→ Data for analysis:
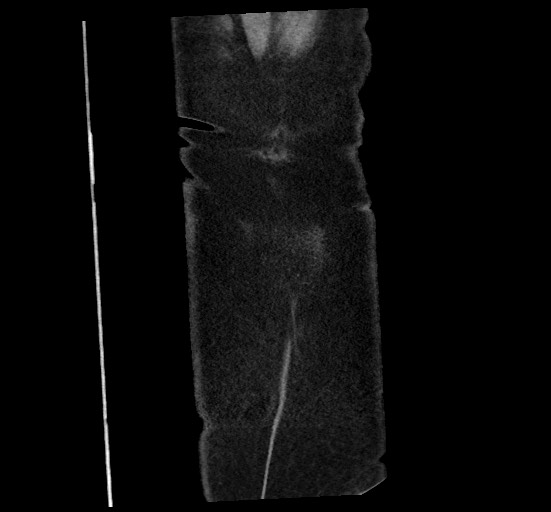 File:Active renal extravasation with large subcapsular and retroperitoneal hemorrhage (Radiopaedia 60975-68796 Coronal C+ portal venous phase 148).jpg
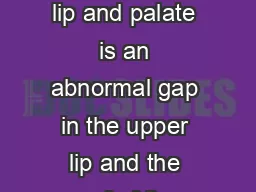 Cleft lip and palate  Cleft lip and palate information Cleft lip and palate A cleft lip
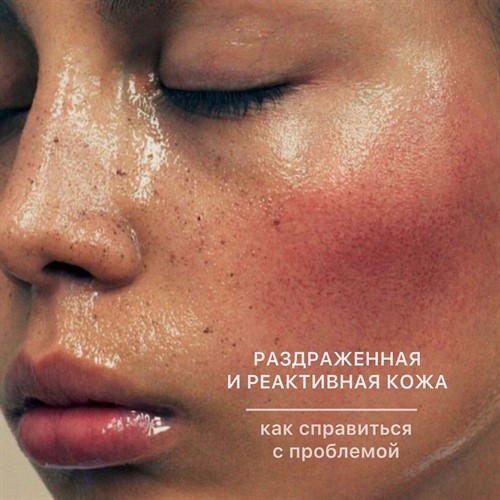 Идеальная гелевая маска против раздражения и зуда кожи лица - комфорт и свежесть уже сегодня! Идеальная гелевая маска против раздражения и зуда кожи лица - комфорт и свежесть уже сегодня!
==
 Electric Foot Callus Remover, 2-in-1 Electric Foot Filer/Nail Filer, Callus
---
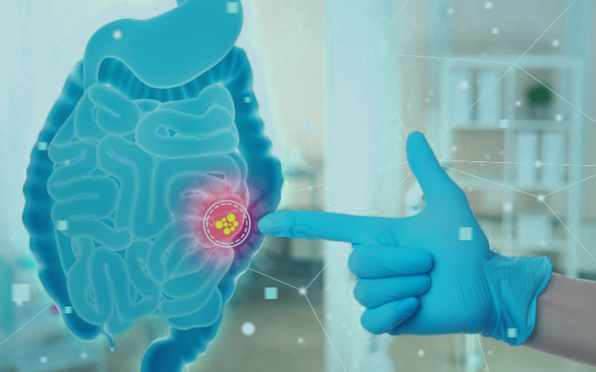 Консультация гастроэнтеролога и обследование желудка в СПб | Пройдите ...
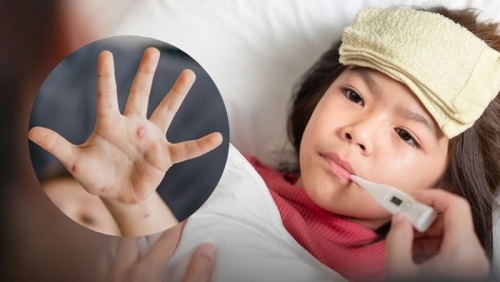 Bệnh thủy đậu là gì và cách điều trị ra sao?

→ Problem details:
Beginning with the line holding "File:Active renal extravasation" in the material above, restate word for word each line through the line holding "уже сегодня! Идеальная", and exclude pictures.

→ Answer below:
 File:Active renal extravasation with large subcapsular and retroperitoneal hemorrhage (Radiopaedia 60975-68796 Coronal C+ portal venous phase 148).jpg
 Cleft lip and palate  Cleft lip and palate information Cleft lip and palate A cleft lip
 Идеальная гелевая маска против раздражения и зуда кожи лица - комфорт и свежесть уже сегодня! Идеальная гелевая маска против раздражения и зуда кожи лица - комфорт и свежесть уже сегодня!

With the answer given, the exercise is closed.